In this blog post, I want to talk about a file format that I find incredibly useful in machine learning engineering: ONNX.

ONNX (Open Neural Network Exchange) is a file format designed to move ML models between different frameworks and runtimes. Its interoperability makes it a powerful addition to your toolbox, whether you're working with traditional ML or deep learning.
Even though ONNX is common in computer vision, it’s still relatively rare in classical ML. That's why, in this article, we'll train an XGBoost model and show that it is actually quite easy to use ONNX in that context.

I had a recent discussion with a former colleague of mine and he mentioned that pickle "just worked so why bother?". While I can understand the sentiment, I hope this article shows that ONNX brings real benefits beyond the pickle security issues mentioned in the previous blog post.

A Short Story From the Trenches

When I started out as a machine learning engineer a few years ago, I ran into a familiar problem: most traditional ML models need preprocessing: one-hot encoding, imputers, ordinal encoding, etc. Scikit-learn makes this easy with clean abstractions and the Pipeline API, which lets you chain preprocessing and models together.

But serving these pipelines in production at that time was a different story.

At first, we serialized the entire pipeline using pickle and exposed it using FastAPI. It worked, but performance wasn't great. We later switched to BentoML, which provided a nicer deployment workflow.

It helped a bit, but adding custom preprocessing hooks was painful, and performance wasn’t significantly better than our custom FastAPI setup. The bottleneck was still Python and the pickle-serialized pipeline.

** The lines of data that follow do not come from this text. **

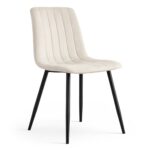 Welurowe krzesło tapicerowane pikowane Beżowe LIVO Czarne nogi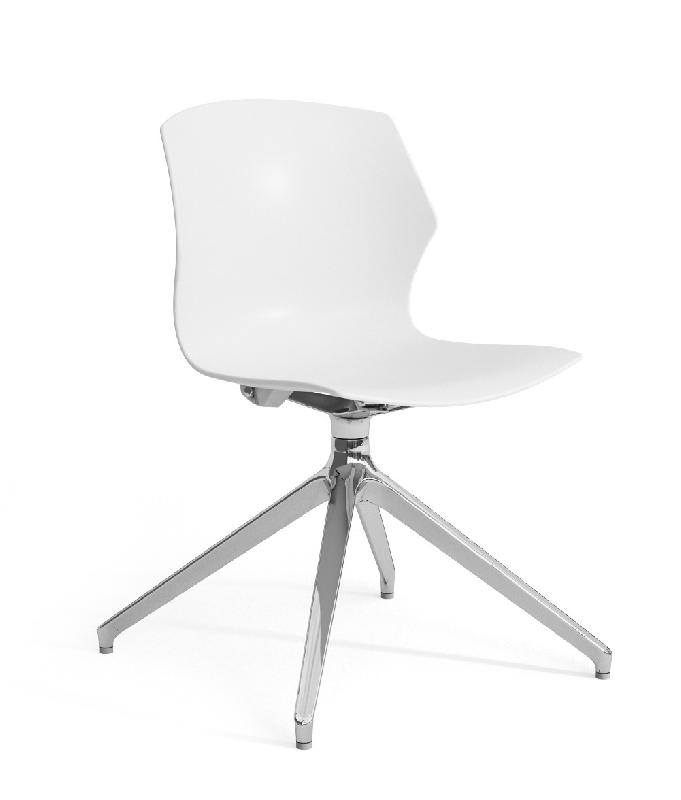Chaise de réunion Frill avec pied pyramidal - Mobel Linea. - Blanc_1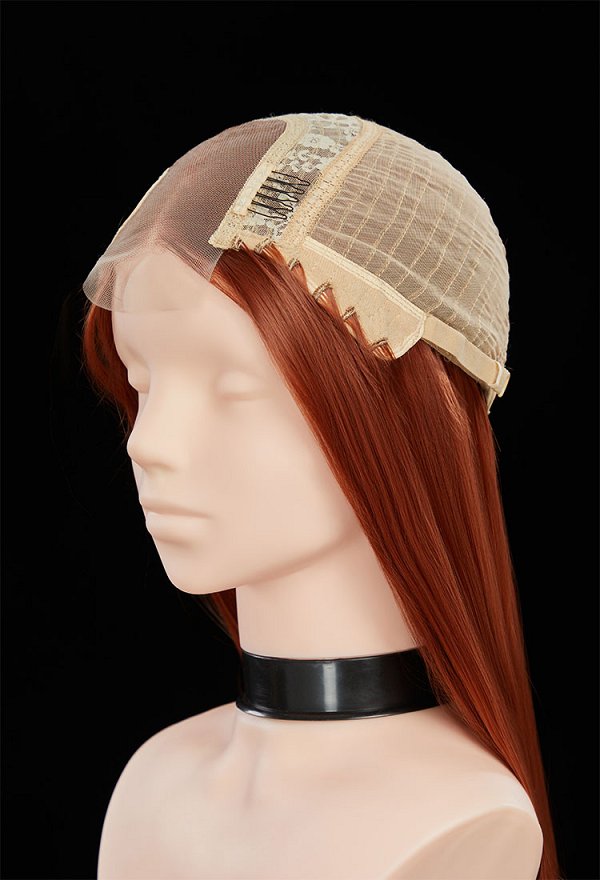 Peluca Frankenstein Elizabeth Cosplay Peluca Frontal de Encaje Largo Marrón de 43,3 Pulgadas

A few years later, during a personal project where I wanted to serve an AutoEncoder for anomaly detection, I went back to BentoML. This time performance became a real issue, I could only push a few hundred predictions per second before the server saturated.

Enter ONNX

After revisiting a conversation with another former colleague of mine, I decided to try something I had previously ignored: ONNX.

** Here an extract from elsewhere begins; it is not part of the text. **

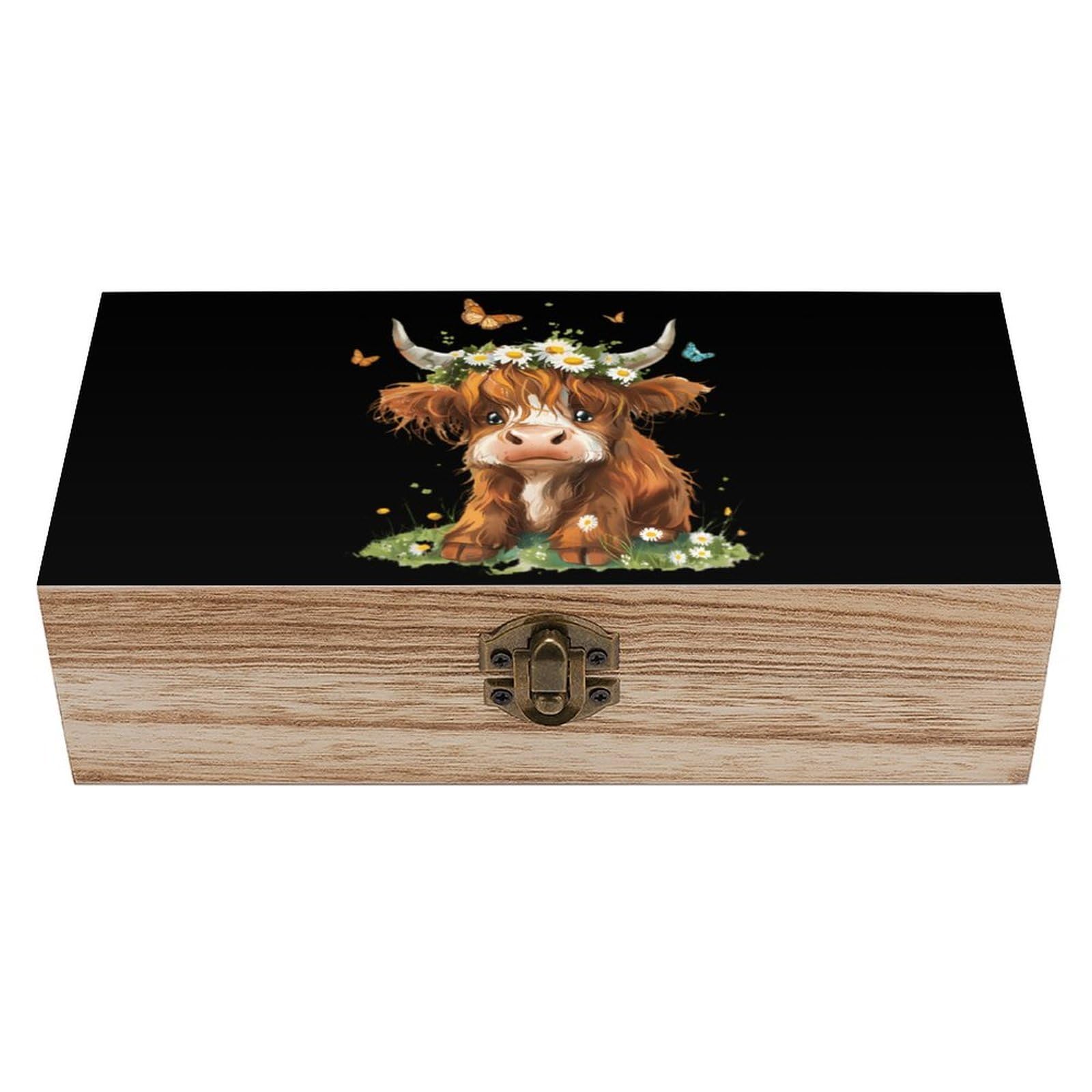 HLBSDM Cute Highland Cow with Flowers Wooden Box with Hinged Lid Decorative Storage Case Container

ONNX lets you export an entire scikit-learn pipeline (preprocessing and model) into a format that can be executed by a high-performance runtime written in C++: the ONNX runtime.
Even better, runtimes or runtimes bindings exist in multiple languages. For that anomaly detection project, I wanted to use Rust, and thanks to Pyke's ORT, I could. The performance difference was immediately noticeable.

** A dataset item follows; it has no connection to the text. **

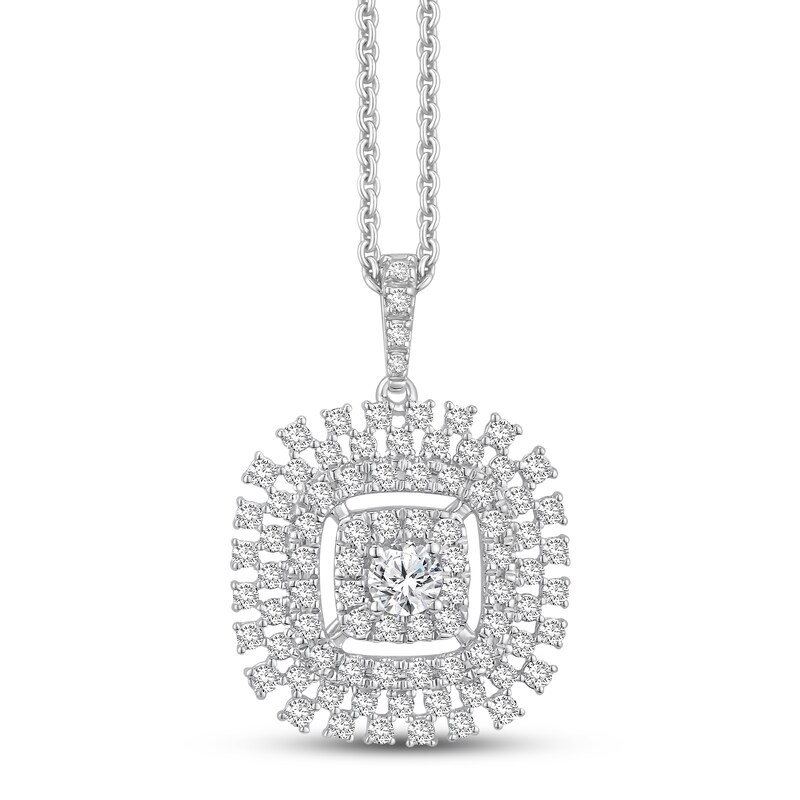 Main Image 1 of Previously Owned Diamond Necklace 1-1/2 ct tw Round 18K White Gold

The key thing is that most of the workload is handled by the runtime, not by Python or Rust, and later in this post, we'll show that even when serving in Python, ONNX is faster than pickle. Something really cool too, there are initiatives like tract that offer a pure Rust implementation of the ONNX runtime and Pyke's ORT has recently add in its latest release candidate (rc10) the possibility to use it as a backend!

What This Blog Post Covers

In this post, we’ll:

Train a simple pipeline on the adult income dataset using Scikit-learn and Optuna
Export the pipeline to both pickle and ONNX
Serve the model using:
- FastAPI + pickle
- FastAPI + ONNX
- Axum (Rust) + ONNX
Benchmark all three using Locust
Compare any training/serving skew

If you’ve ever had trouble deploying traditional ML models, or just want a faster, cleaner serving stack, ONNX might become your new favorite tool.

Training our model

As usual you will find the code here to follow along. The project is split into training, serving, and a folder for load testing with Locust.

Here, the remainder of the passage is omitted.